Task →
Below are the entries. Print only the lines starting at the one with "Şerifali Lavella 1" and ending at the one with "731 Savannah Trl photo 1", exactly, with no pictures.
══════════
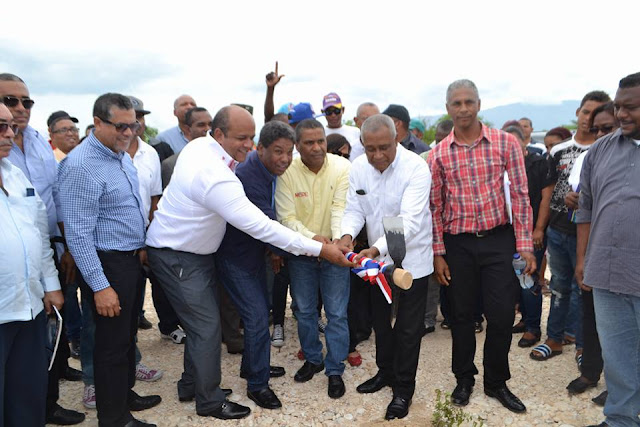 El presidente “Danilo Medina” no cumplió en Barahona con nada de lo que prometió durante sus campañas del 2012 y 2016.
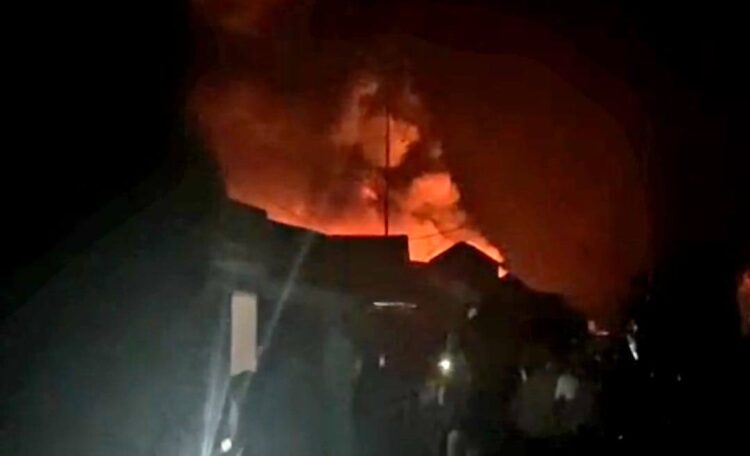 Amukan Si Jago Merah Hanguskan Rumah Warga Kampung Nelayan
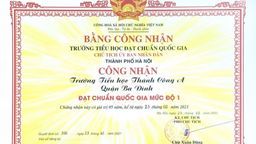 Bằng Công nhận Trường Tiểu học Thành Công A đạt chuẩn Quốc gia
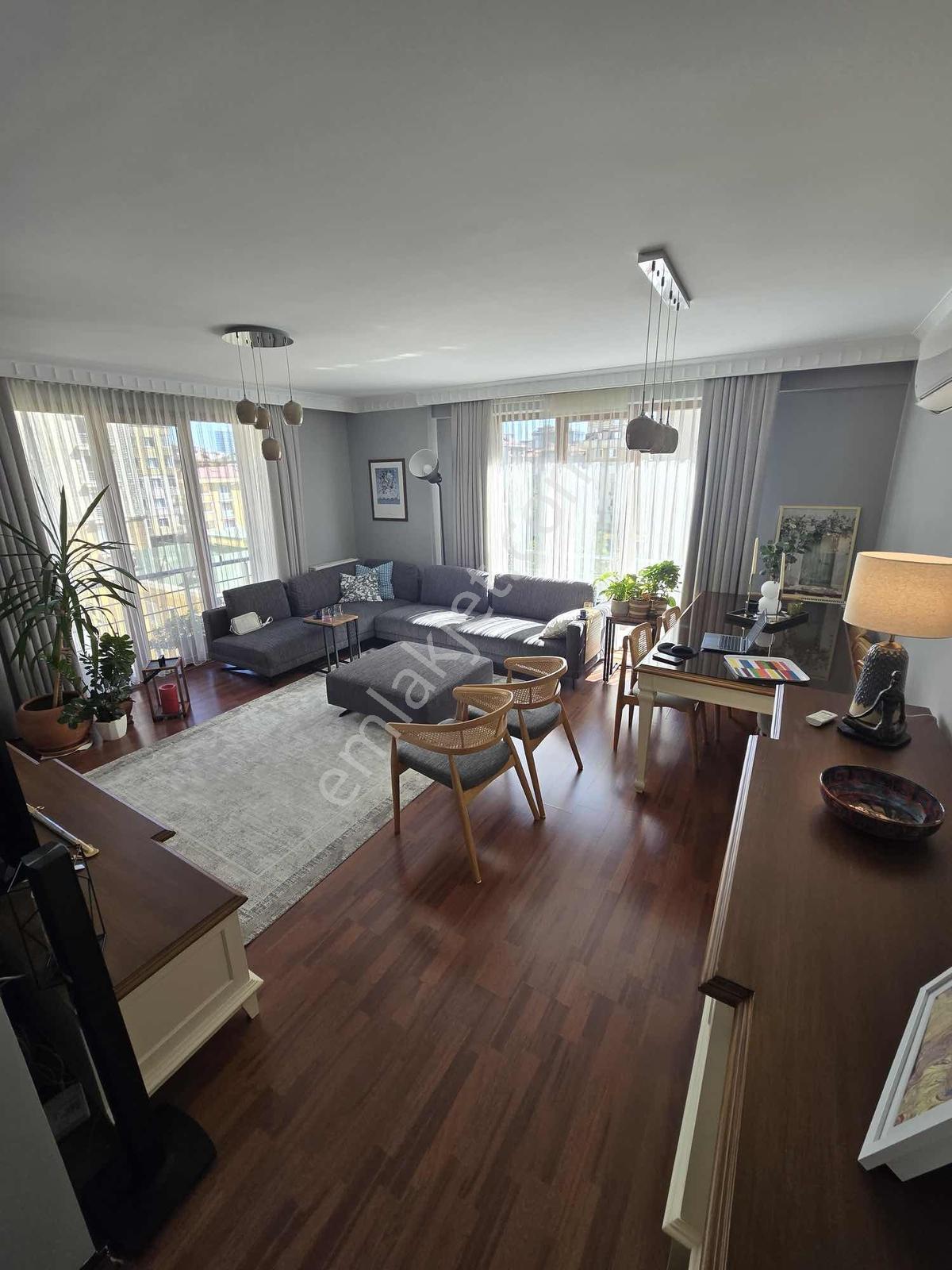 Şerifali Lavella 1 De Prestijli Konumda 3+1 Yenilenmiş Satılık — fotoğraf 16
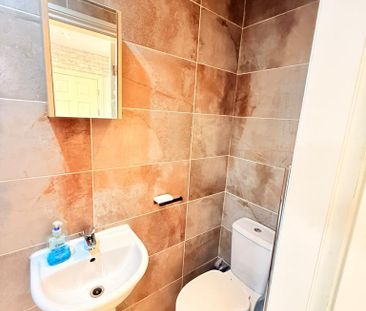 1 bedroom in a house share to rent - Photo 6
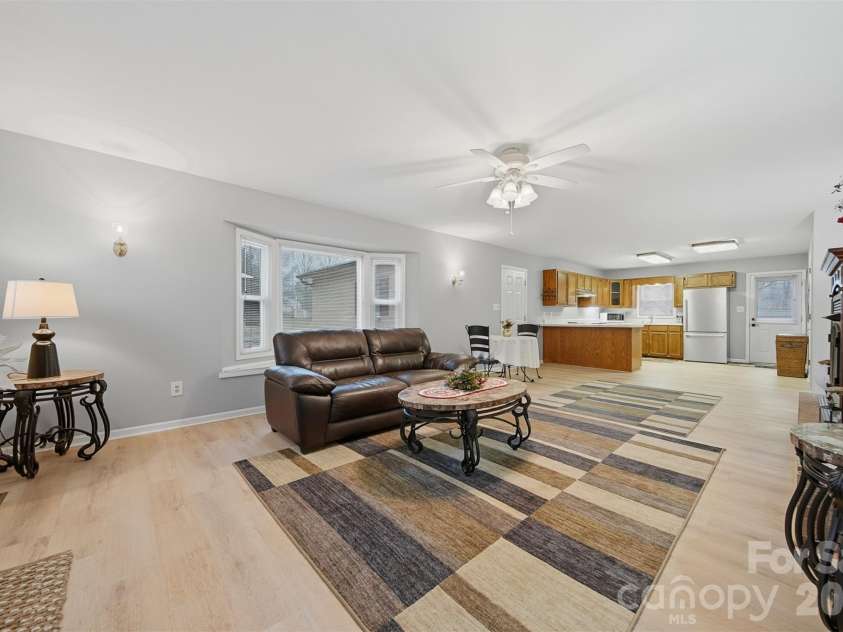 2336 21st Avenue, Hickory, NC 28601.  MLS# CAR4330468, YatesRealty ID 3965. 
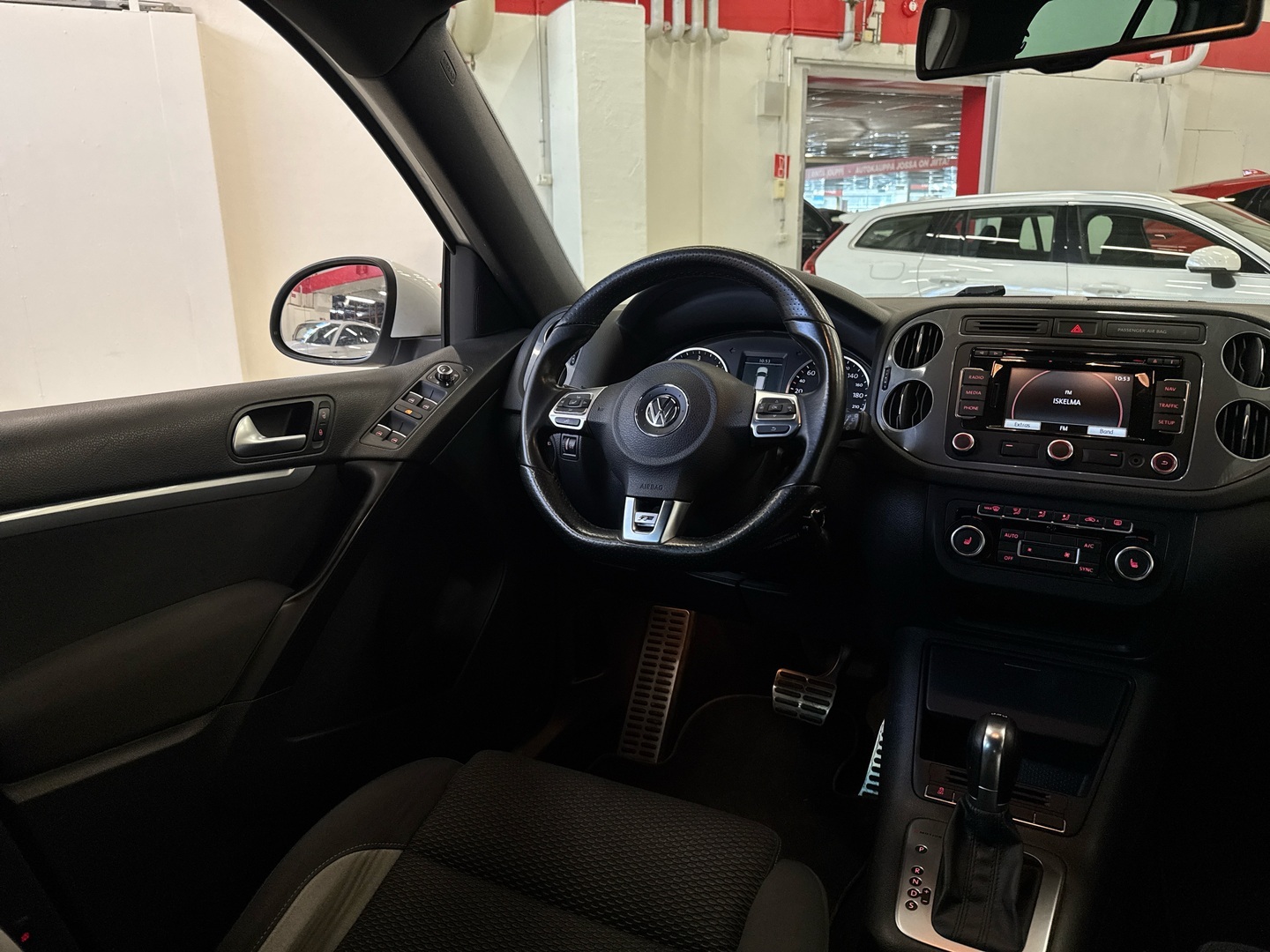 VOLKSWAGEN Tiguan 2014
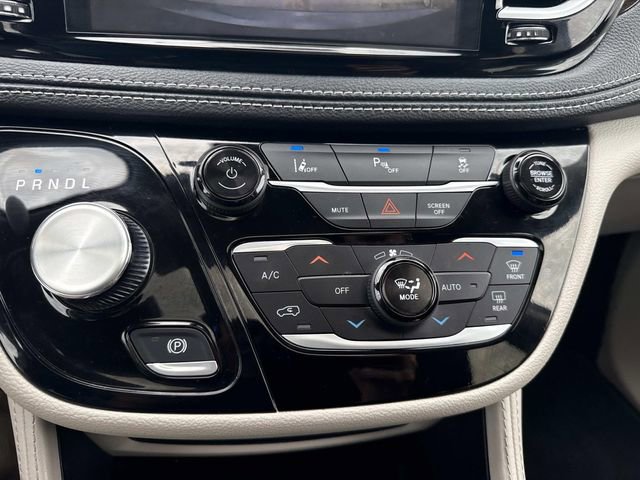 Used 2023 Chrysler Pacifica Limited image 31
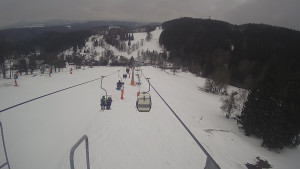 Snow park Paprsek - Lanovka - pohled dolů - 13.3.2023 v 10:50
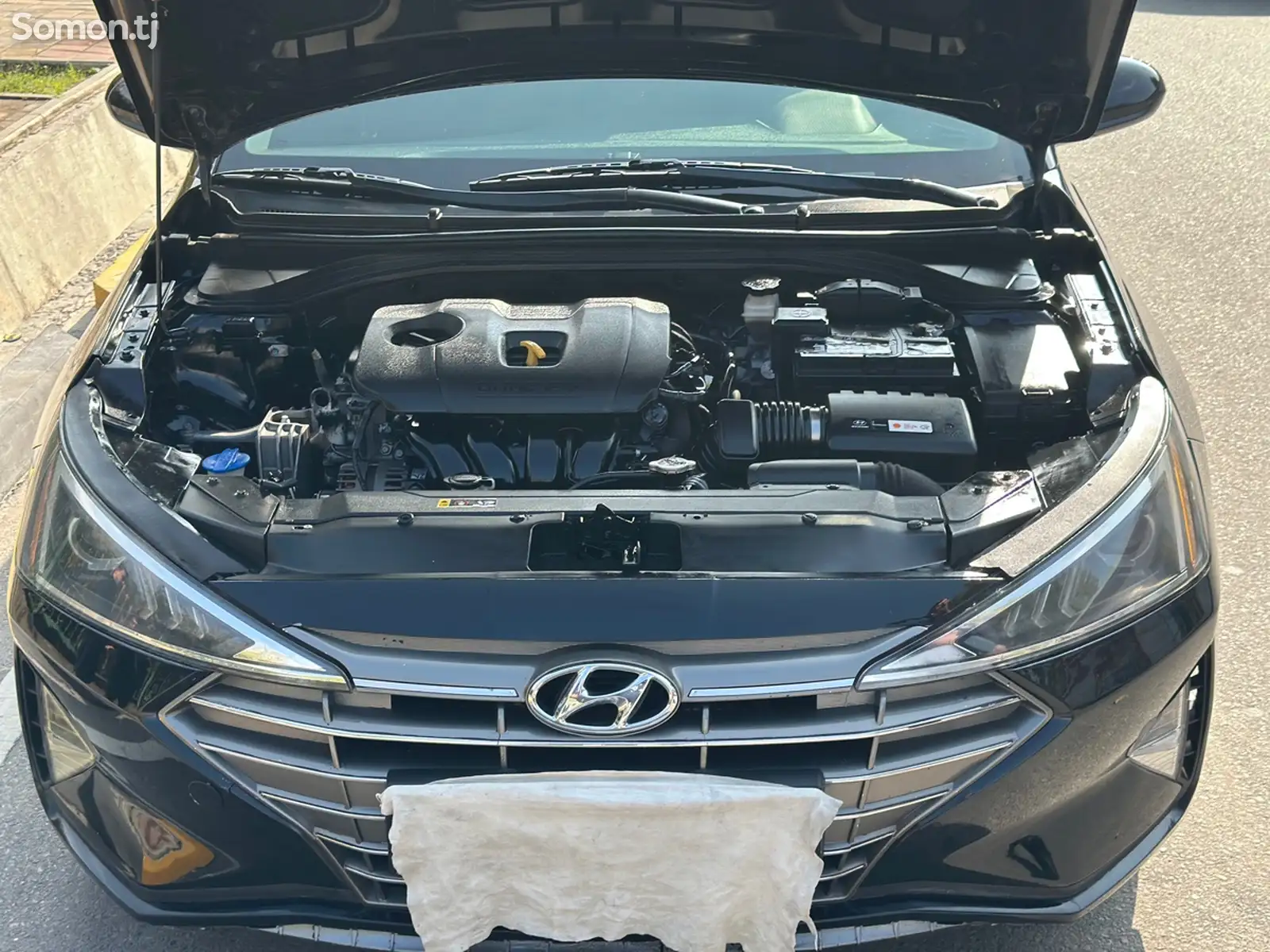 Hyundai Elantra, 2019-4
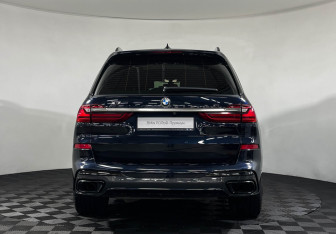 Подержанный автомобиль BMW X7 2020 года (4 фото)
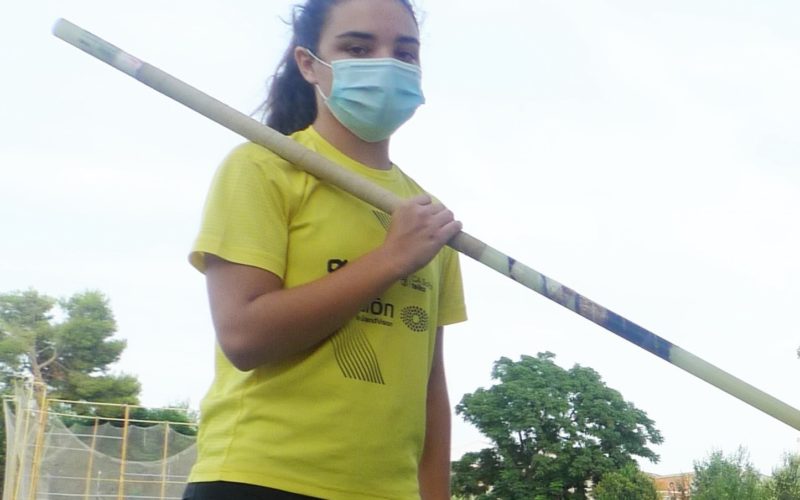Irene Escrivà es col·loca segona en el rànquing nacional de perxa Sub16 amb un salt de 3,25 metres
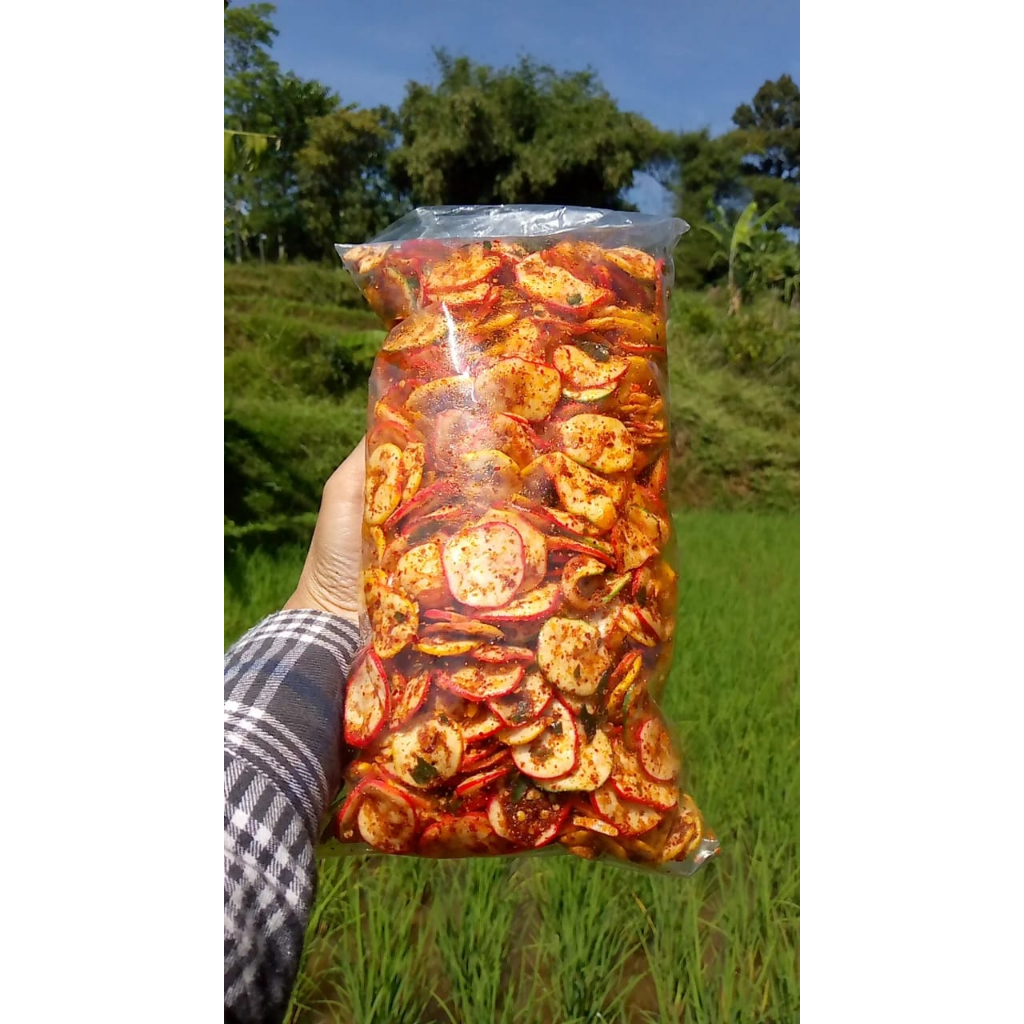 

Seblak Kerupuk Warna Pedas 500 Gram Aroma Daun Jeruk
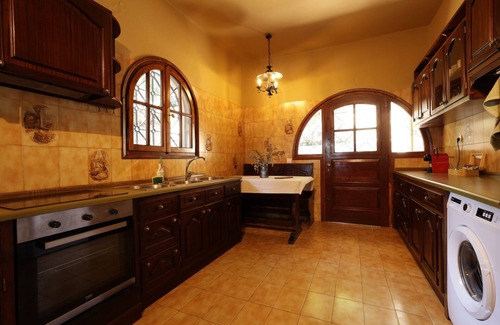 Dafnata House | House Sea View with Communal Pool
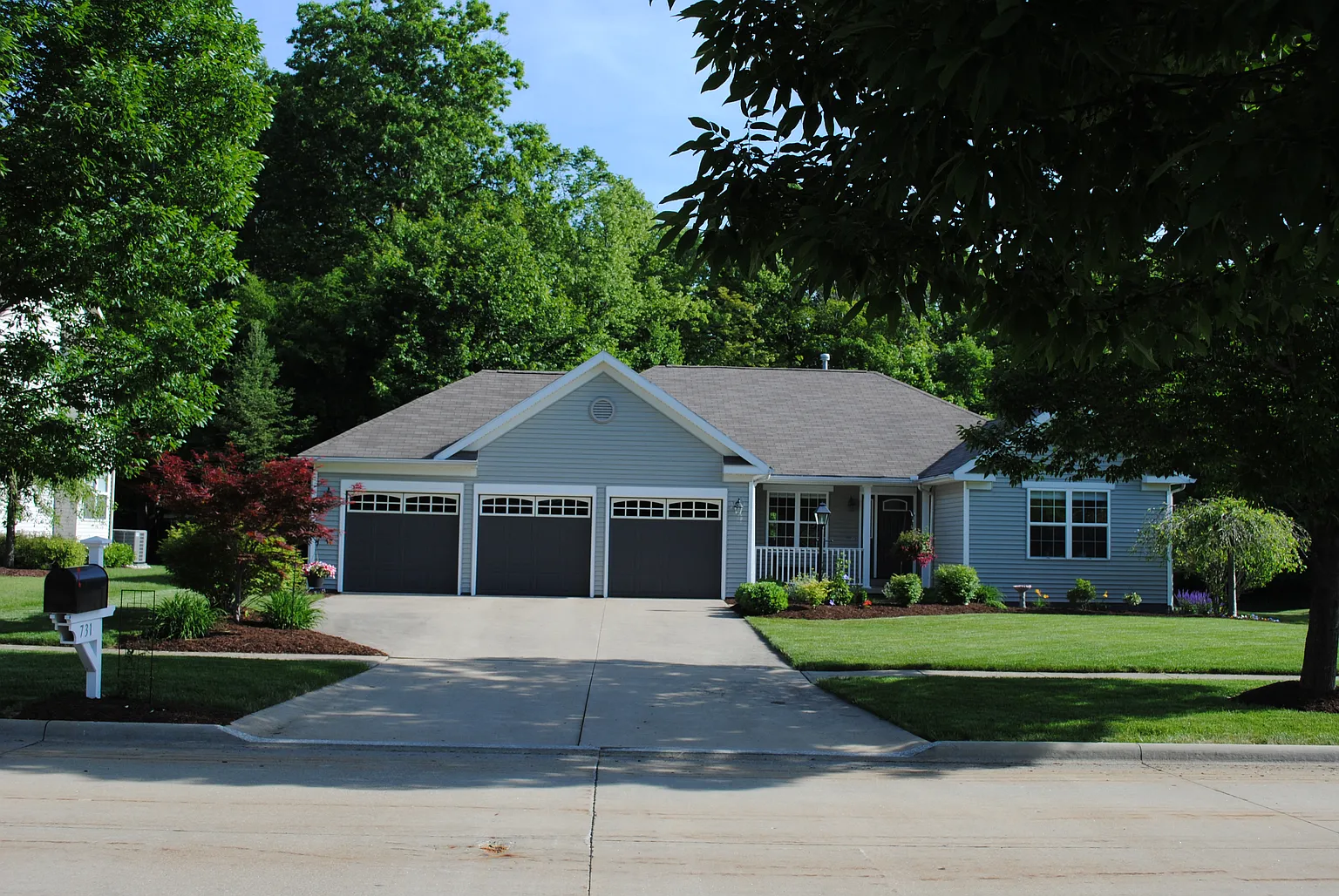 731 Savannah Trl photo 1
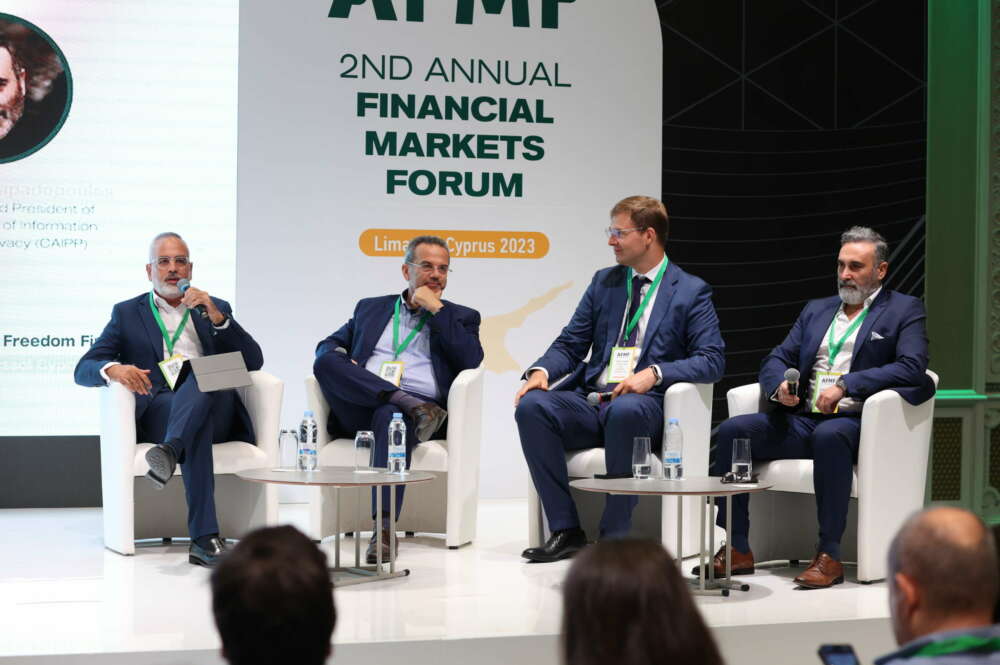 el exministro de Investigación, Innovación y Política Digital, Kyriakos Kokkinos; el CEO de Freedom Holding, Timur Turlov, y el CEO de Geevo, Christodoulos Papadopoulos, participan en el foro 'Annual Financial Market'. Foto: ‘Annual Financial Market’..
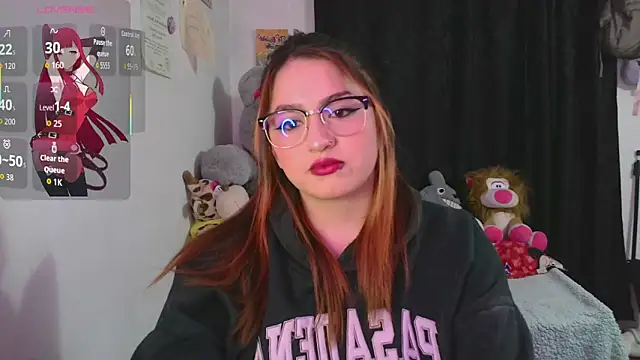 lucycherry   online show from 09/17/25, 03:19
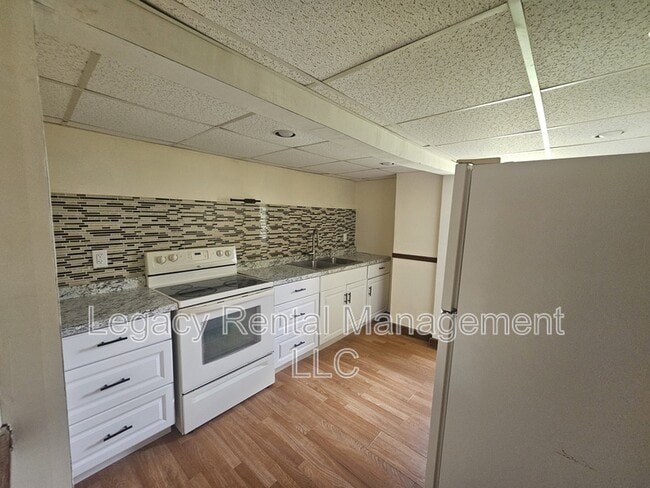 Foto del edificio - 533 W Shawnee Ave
══════════
Task result →
 Şerifali Lavella 1 De Prestijli Konumda 3+1 Yenilenmiş Satılık — fotoğraf 16
 1 bedroom in a house share to rent - Photo 6
 2336 21st Avenue, Hickory, NC 28601.  MLS# CAR4330468, YatesRealty ID 3965. 
 VOLKSWAGEN Tiguan 2014
 Used 2023 Chrysler Pacifica Limited image 31
 Snow park Paprsek - Lanovka - pohled dolů - 13.3.2023 v 10:50
 Hyundai Elantra, 2019-4
 Подержанный автомобиль BMW X7 2020 года (4 фото)
Irene Escrivà es col·loca segona en el rànquing nacional de perxa Sub16 amb un salt de 3,25 metres

Seblak Kerupuk Warna Pedas 500 Gram Aroma Daun Jeruk
 Dafnata House | House Sea View with Communal Pool
 731 Savannah Trl photo 1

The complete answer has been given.